The truth is, families that rely on government assistance are just about as likely as wealthier Americans to make sure their children have most common vaccinations. In fact, for Black and Latino Americans, vaccination rates are slightly higher among the poor than the rest of the population. Outbreaks of diseases for which we have vaccines aren’t occurring in the inner cities; in fact, the most talked about infectious disease cluster in the past five years — a measles outbreak — took place at the Disneyland resort, where a single day’s tickets for a family of four can easily top $600. In California, the big clusters of children without vaccines live not in poorer ZIP codes, but in upscale locations like Sonoma and Marin counties.

So what to do?

Conservatives and liberals alike should embrace public policies that encourage everyone — poor and wealthy — to vaccinate their children.

First, private health insurers should be allowed to impose a surcharge on parents who opt out of vaccines for non-medical reasons. Current federal law may forbid insurers from taking pre-existing conditions into account when setting rates, but it does allow them to consider whether an individual smokes — and to impose a surcharge on that individual. Like smoking, refusing to have a child vaccinated for a non-medical reason is choice and can have monumental financial costs — one unvaccinated boy in Oregon ran up medical bills over $1 million — meaning that a surcharge on such a decision is justified.

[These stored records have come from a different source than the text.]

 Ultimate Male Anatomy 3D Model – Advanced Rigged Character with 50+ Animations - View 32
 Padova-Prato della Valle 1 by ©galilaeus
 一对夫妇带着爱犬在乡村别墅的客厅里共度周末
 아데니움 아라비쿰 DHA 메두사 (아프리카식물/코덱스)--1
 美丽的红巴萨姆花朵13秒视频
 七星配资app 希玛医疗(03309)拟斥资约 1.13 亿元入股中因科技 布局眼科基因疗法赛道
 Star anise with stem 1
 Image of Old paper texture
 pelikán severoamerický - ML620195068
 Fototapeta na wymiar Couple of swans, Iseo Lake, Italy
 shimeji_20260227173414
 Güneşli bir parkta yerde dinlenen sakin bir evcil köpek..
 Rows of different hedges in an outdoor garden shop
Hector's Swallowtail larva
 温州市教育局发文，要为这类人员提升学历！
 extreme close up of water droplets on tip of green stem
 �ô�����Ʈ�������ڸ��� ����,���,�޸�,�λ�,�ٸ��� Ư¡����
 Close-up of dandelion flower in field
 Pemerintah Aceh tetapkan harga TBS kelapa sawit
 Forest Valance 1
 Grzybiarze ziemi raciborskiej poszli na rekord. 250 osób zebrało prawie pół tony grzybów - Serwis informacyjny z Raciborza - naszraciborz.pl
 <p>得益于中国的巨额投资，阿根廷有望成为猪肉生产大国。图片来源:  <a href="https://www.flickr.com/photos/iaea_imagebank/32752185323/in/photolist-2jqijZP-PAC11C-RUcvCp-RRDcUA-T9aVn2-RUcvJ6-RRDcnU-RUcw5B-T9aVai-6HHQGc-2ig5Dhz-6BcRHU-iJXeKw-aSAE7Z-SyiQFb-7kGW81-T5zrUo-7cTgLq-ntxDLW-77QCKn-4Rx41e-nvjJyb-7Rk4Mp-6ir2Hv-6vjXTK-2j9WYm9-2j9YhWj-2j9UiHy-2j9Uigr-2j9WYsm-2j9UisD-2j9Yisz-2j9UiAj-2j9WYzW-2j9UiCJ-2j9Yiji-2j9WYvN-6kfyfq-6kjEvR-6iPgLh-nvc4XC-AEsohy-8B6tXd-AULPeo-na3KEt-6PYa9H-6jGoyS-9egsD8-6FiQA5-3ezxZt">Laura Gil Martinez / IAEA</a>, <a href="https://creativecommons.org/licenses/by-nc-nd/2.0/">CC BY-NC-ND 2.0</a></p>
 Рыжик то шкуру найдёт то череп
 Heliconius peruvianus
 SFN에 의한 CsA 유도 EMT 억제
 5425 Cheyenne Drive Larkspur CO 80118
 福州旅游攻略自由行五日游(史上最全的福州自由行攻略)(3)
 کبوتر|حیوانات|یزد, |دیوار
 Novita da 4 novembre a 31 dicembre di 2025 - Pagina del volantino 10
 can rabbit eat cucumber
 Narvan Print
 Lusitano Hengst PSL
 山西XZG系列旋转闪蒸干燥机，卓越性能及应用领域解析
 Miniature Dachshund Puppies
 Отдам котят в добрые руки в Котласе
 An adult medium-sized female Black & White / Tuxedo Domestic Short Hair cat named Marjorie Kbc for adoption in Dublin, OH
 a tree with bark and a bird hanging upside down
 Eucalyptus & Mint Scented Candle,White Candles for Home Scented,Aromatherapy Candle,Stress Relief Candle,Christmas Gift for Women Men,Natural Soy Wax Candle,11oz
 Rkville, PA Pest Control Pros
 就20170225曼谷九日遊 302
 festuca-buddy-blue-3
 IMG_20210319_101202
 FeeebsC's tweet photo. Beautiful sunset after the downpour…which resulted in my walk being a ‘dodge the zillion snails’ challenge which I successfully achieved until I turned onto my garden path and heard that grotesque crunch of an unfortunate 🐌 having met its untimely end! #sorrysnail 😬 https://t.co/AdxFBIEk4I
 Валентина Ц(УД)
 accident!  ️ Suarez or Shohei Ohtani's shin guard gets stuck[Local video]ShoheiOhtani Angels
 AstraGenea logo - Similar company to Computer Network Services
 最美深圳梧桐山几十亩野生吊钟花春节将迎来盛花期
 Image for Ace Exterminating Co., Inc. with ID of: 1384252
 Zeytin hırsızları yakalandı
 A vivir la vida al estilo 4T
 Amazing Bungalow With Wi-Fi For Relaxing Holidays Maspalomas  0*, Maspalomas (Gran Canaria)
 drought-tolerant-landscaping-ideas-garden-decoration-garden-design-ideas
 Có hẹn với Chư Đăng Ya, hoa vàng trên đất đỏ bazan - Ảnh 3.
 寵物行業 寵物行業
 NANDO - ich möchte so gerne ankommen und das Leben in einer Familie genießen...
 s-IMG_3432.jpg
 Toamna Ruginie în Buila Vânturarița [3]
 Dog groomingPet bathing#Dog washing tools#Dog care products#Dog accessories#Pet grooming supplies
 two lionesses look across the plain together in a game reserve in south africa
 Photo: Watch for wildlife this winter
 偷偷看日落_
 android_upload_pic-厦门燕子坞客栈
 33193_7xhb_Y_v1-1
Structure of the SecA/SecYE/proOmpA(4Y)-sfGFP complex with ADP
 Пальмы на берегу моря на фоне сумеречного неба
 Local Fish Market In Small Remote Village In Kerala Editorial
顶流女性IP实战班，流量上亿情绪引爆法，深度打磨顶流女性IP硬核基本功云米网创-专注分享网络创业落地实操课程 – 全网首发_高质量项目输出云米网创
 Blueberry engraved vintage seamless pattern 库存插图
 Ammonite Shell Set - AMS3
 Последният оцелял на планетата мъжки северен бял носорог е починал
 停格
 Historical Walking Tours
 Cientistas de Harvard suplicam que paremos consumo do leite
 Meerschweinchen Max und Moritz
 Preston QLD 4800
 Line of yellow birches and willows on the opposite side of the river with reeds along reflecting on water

Allowing insurers to impose non-vaccination surcharges would make evident the financial costs of not having a child vaccinated, potentially forcing parents to think twice before opting out. And state regulations could limit surcharges to ensure they don’t put insurance itself out of parents’ reach.

Second, the federal government should fund and encourage states to set up and study vaccination-exemption monitoring programs modeled off existing efforts to monitor drug prescriptions. Currently, a tiny number of irresponsible doctors have embraced discredited theories about vaccines and offer “medical” exemptions to parents who simply ask for them. Unfortunately, there’s no way to spot these doctors, making them difficult to hold accountable. Taking disciplinary action against California pediatrician and anti-vaccine crusader Robert Sears, for example, took four years and probably happened only because Sears himself was so prominent in challenging mainstream science on vaccination schedules.

These programs would provide medical boards with a repository of information about doctors who provide vaccine exemptions. Doctors engaged in practices that routinely require vaccine exemptions — such as pediatric oncologists who administer chemotherapy — would be allowed to continue without any real changes. But pediatricians with typical practices who grant many times more exemptions than their peers might have to answer questions about why.

Hammering out the setup and logistics of such a program will require additional work. As such, it would be useful to allow a few states to experiment in structuring these programs initially. This would allow Americans to arrive at the right balance between ensuring that spurious vaccine exemptions aren’t granted and placing undue burdens on responsible doctors.

Unless they have a sound medical reason not to, parents should always vaccinate their children. The government shouldn’t force anybody to get a vaccination, but it can — and should — do more to encourage all parents to do the right thing for their children and for society.